_EXERCISE AIM_: Leaving the pictures aside, repeat each line below exactly.

_EXERCISE DATA_:
+++
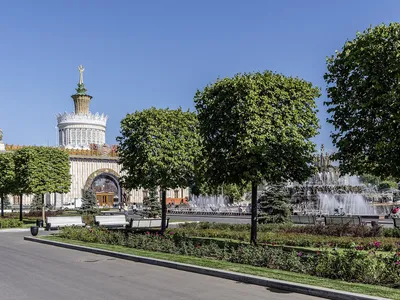 Фотообои В листьях пальм купить на Стену — Цены и 3D Фото интерьеров в  Каталоге интернет магазина allstick.ru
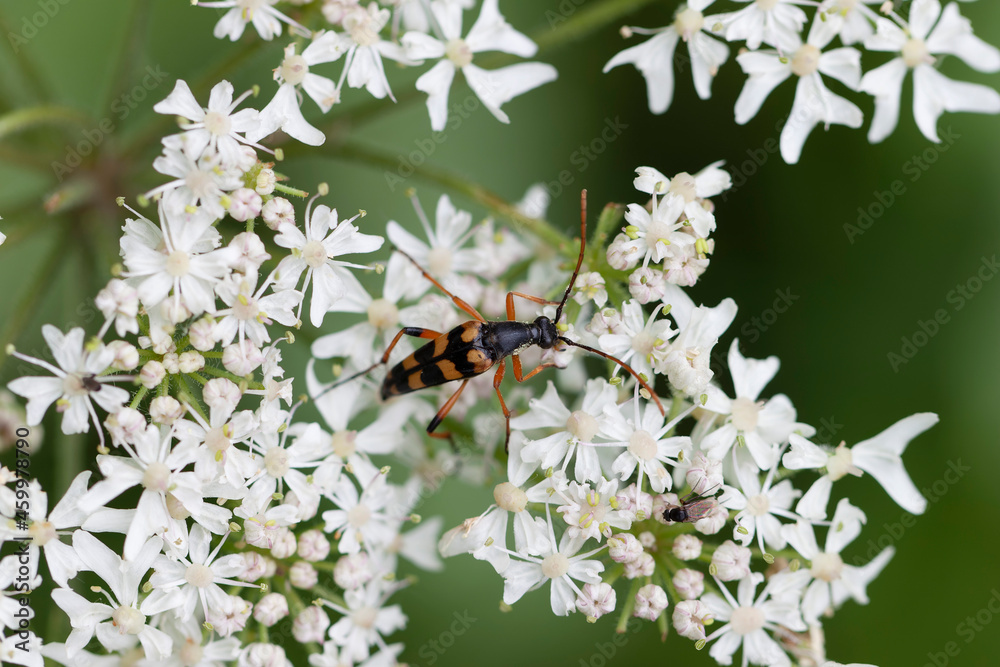 Longhorn Beetle Strangalia attenuata on white blossom Longhorn Beetle Strangalia attenuata on white blossom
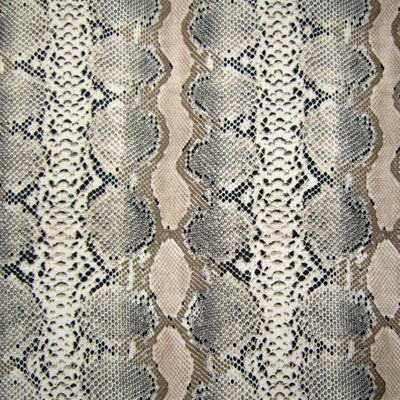 Snake Skin
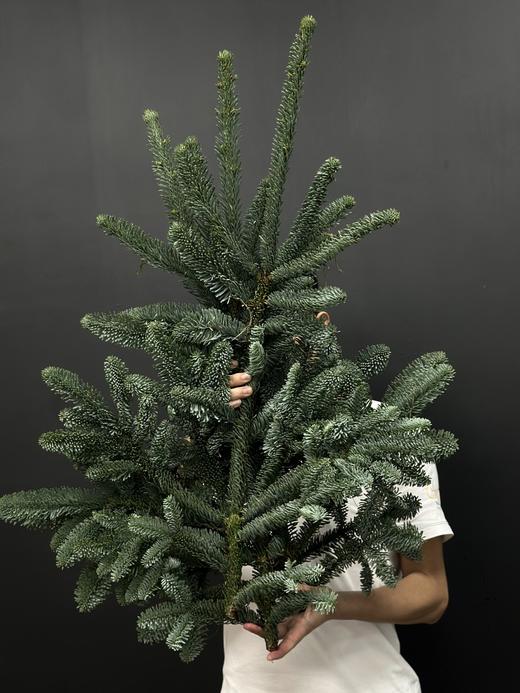 丹麦进口圣诞树诺贝松鲜切枝 商品图3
+++
_EXERCISE RESPONSE_:
 Фотообои В листьях пальм купить на Стену — Цены и 3D Фото интерьеров в  Каталоге интернет магазина allstick.ru
 Longhorn Beetle Strangalia attenuata on white blossom Longhorn Beetle Strangalia attenuata on white blossom
 Snake Skin
 丹麦进口圣诞树诺贝松鲜切枝 商品图3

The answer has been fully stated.